Communiqué de Petro Simonenko, secrétaire-général du Parti communiste ukrainien



Traduction MA pour http://www.solidarite-internationale-pcf.fr/



« La déclaration cynique faite par le Premier ministre ukrainien, Arseni Iasteniouk, lors de sa visite en Allemagne est une insulte à des générations d'Ukrainiens qui, pendant la Grande guerre patriotique ont forgé, au front comme à l'arrière, la victoire sur le nazisme et l'hitlérisme.

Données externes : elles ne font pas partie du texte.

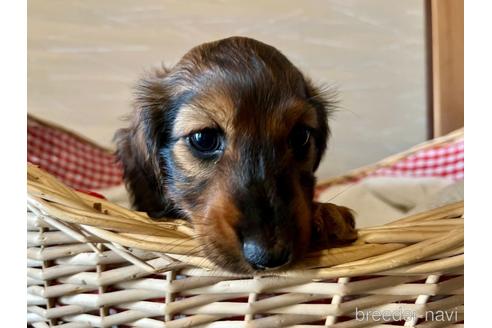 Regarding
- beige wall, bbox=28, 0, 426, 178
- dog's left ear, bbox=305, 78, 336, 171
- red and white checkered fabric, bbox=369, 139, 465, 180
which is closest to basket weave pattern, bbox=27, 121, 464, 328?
dog's left ear, bbox=305, 78, 336, 171

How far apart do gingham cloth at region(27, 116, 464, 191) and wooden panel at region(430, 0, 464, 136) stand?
124 millimetres

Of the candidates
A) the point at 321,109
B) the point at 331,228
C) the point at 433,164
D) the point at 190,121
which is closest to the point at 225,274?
the point at 331,228

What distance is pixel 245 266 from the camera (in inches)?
31.9

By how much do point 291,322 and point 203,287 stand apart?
137mm

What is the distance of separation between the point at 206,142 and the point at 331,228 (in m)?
0.25

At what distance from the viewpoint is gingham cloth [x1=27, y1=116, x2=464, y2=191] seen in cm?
182

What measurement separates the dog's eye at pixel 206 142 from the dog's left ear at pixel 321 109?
0.78 feet

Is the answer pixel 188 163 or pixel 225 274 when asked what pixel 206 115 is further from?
pixel 225 274

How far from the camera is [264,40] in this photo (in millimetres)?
1396

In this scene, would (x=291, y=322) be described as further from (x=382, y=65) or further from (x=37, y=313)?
(x=382, y=65)

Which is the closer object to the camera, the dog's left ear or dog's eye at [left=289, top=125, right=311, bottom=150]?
dog's eye at [left=289, top=125, right=311, bottom=150]

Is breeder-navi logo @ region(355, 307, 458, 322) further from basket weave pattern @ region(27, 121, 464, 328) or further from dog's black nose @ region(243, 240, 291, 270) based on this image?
dog's black nose @ region(243, 240, 291, 270)

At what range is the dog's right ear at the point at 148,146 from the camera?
3.70 ft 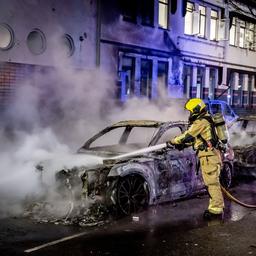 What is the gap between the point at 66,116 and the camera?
13.8m

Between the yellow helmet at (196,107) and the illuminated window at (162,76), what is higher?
the illuminated window at (162,76)

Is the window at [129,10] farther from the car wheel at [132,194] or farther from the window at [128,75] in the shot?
the car wheel at [132,194]

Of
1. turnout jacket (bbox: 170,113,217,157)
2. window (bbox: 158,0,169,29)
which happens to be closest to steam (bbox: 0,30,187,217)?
turnout jacket (bbox: 170,113,217,157)

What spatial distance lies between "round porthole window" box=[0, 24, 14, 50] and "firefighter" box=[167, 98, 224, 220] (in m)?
8.80

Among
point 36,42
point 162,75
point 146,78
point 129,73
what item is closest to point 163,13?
point 162,75

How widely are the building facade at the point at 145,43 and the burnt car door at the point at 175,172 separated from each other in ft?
24.3

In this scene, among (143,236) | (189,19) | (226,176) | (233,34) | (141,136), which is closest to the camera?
(143,236)

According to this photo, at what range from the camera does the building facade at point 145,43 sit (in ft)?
46.1

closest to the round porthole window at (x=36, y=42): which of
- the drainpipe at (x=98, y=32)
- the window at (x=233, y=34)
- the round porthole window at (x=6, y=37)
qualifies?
the round porthole window at (x=6, y=37)

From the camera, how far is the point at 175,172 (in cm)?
741

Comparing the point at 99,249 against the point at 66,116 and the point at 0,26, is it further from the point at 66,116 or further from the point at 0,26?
the point at 0,26

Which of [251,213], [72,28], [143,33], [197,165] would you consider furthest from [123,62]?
[251,213]

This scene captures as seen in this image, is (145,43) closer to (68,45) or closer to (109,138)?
(68,45)

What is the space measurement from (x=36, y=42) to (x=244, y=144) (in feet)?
26.1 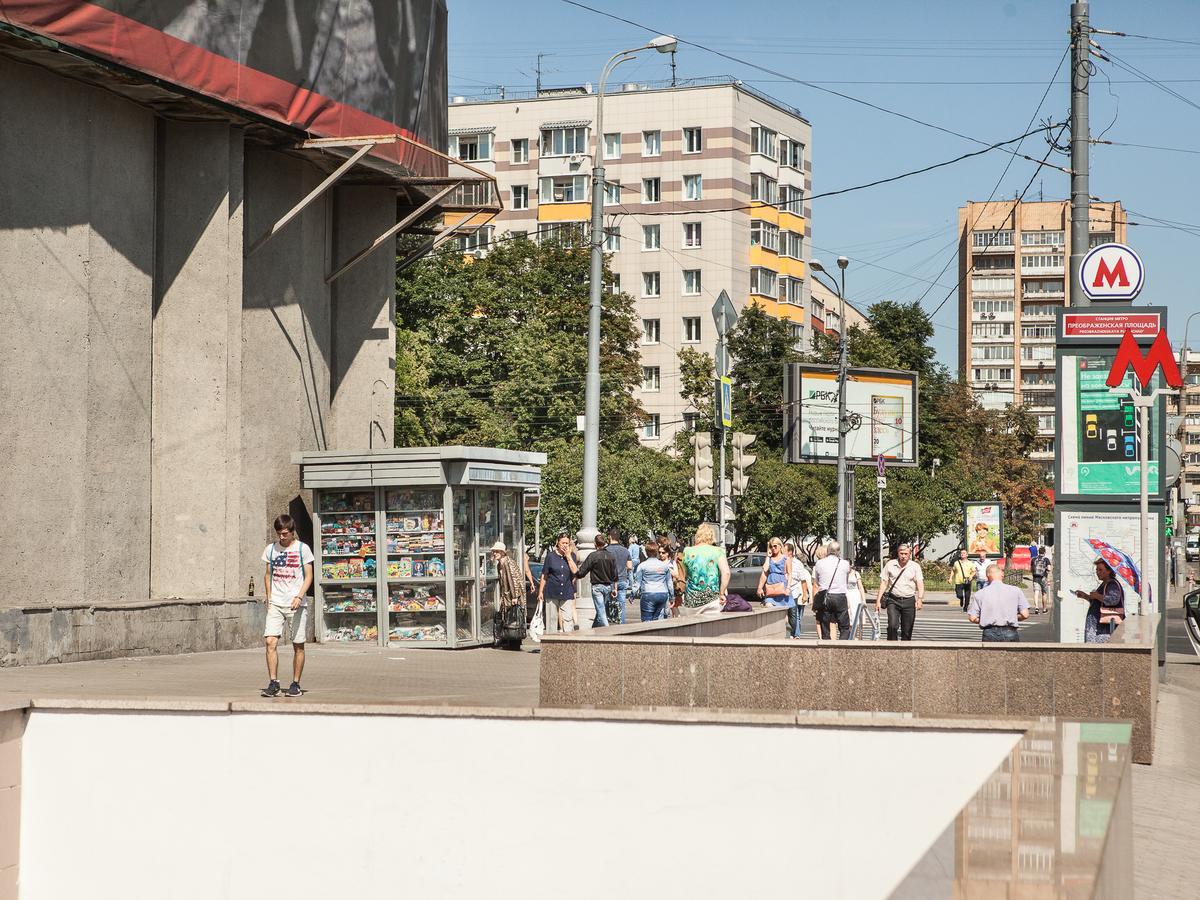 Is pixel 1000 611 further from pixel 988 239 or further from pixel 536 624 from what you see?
pixel 988 239

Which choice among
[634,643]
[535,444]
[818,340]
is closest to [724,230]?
[818,340]

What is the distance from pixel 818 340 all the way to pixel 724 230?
813 cm

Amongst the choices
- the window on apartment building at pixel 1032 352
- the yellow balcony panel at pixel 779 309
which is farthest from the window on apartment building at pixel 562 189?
the window on apartment building at pixel 1032 352

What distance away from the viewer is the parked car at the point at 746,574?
40.3 metres

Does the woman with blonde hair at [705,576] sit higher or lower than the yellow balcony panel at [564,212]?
lower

La déclaration de Iasteniouk, livrée pour le 70 ème anniversaire de la Grande victoire est un coup de poignard dans le dos sournois à tous ceux qui dont donné leur vie pour libérer les peuples d'Europe des Nazis, libérer les prisonniers des camps de concentration.



C'est une insulte aux anciens combattants d'Ukraine, qui sont encore en vie et à qui le régime ôte les dernières miettes de leur pension, les réduisant à la pauvreté », a déclaré le responsable du Parti communiste d'Ukraine (KPU), Petro Simonenko.



Rappelons que sur ARD, une grande chaîne de télévision allemande, Iasteniouk a déclaré qu'il se souvient très bien de l'invasion soviétique de l'Ukraine et de l'Allemagne pendant la Seconde guerre mondiale. Et qu'il s'agit d'éviter que cela se reproduise maintenant.



Pour Petro Simonenko, il est clair que Iasteniouk a bel et bien falsifié ce que fut la Grande guerre patriotique et la Seconde Guerre mondiale, transformant la libération de l'Europe du nazisme en « agression russe » contre l'Allemagne nazie.



« Si une telle déclaration avait été faite par un citoyen lambda, elle aurait été considérée comme une preuve d'ignorance et de la bêtise la plus élémentaire.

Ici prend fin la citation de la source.